== Segment start ==

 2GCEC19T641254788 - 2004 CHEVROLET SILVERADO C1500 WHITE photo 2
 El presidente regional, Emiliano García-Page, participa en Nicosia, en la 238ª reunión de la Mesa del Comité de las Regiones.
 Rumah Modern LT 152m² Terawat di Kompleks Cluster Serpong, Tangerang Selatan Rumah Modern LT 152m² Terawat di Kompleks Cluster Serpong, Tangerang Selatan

== Segment end ==
== Segment start ==

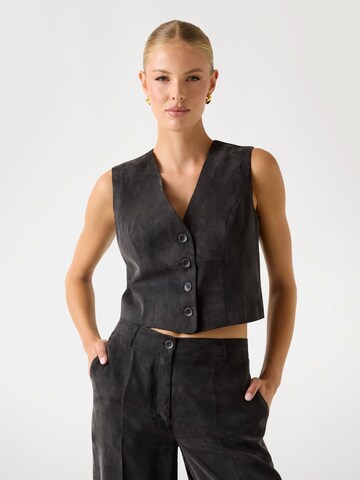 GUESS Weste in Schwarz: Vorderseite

== Segment end ==

■ **Your instructions**
Taking the entries above, write out exactly each line from the one holding "2GCEC19T641254788 - 2004" to the one holding "Tangerang Selatan Rumah", both included, and stop there.

■ **Response**
 2GCEC19T641254788 - 2004 CHEVROLET SILVERADO C1500 WHITE photo 2
 El presidente regional, Emiliano García-Page, participa en Nicosia, en la 238ª reunión de la Mesa del Comité de las Regiones.
 Rumah Modern LT 152m² Terawat di Kompleks Cluster Serpong, Tangerang Selatan Rumah Modern LT 152m² Terawat di Kompleks Cluster Serpong, Tangerang Selatan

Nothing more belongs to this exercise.